Most persons eventually reach a point in their lives where the question pops up: Will someone in my life be adversely affected, from a financial standpoint, if I should suddenly die?  When the answer to that question becomes a resolute ‘yes’, it’s time to buy life insurance.

Term life insurance is the most common type of policy.  You pay an annual premium for the “term” of the policy, which is usually 20 years.  If you die within those 20 years, your beneficiaries will collect the specified amount indicated on the policy. For example, a $1 million, 20-year term policy typically has a premium of $600/year – meaning you’ll pay $12,000 total for a million dollars worth the coverage.  If you die within the 20-year period, your beneficiaries will receive the $1 million, tax-free. If not, the insurance company wins.

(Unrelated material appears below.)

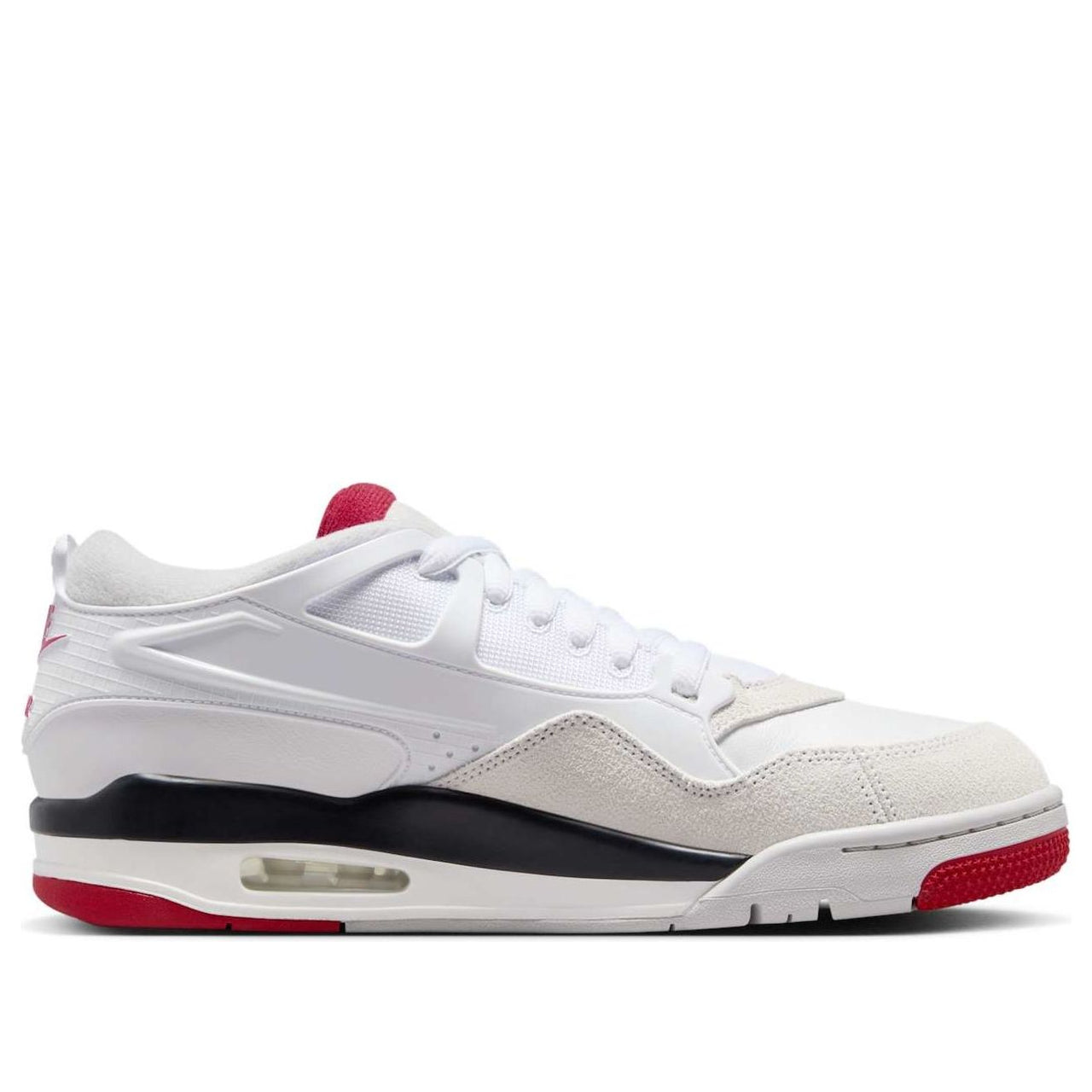 Air Jordan 4 RM 'White Fire Red' FQ7939-102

From there, life insurance policies can get much more intricate.  There are all sorts of custom options that can be added to cover temporary, and even permanent disabilities, on a sliding scale.  These policies can become so complicated that even the agents who write them can barely explain them to their clients.

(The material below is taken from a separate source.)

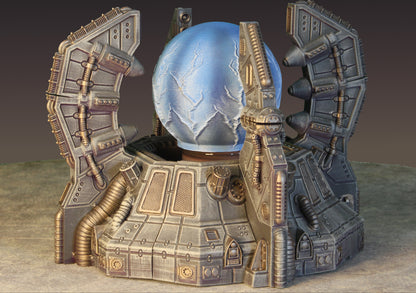 Reactor 17 (34 delar)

As Indianapolis life insurance attorney, Charles D. Hankey, a counselor with many years of experience with insurance contract law explains, “Although not all life insurance policies are structured to alleviate financial burden before the occasion of death, some policies have special options available for individuals with long-term disabilities that will help cover expenses.”

That’s why if you are a person of means, with complicated personal property structures and trusts, it’s a good idea to pre-plan what you want to get out of a life insurance policy, and integrate it with your living trust, before you even begin speaking to an insurance agent about purchasing any specific policy.

Check Your Car Insurance

Since 48 of the United States mandate that you must have car insurance (Mississippi and New Hampshire do not), most automobile policies and their coverages are pretty much the same.

But there is one area that you should be mindful of – extra uninsured and under-insured motorist protection.  If you are struck by someone who is not insured, or is only insured the state minimum amount, and your injuries exceed those amounts, you will be liable for any costs over those minimums.  This extra insurance pays the difference between those low coverages and the total expenses of your injuries.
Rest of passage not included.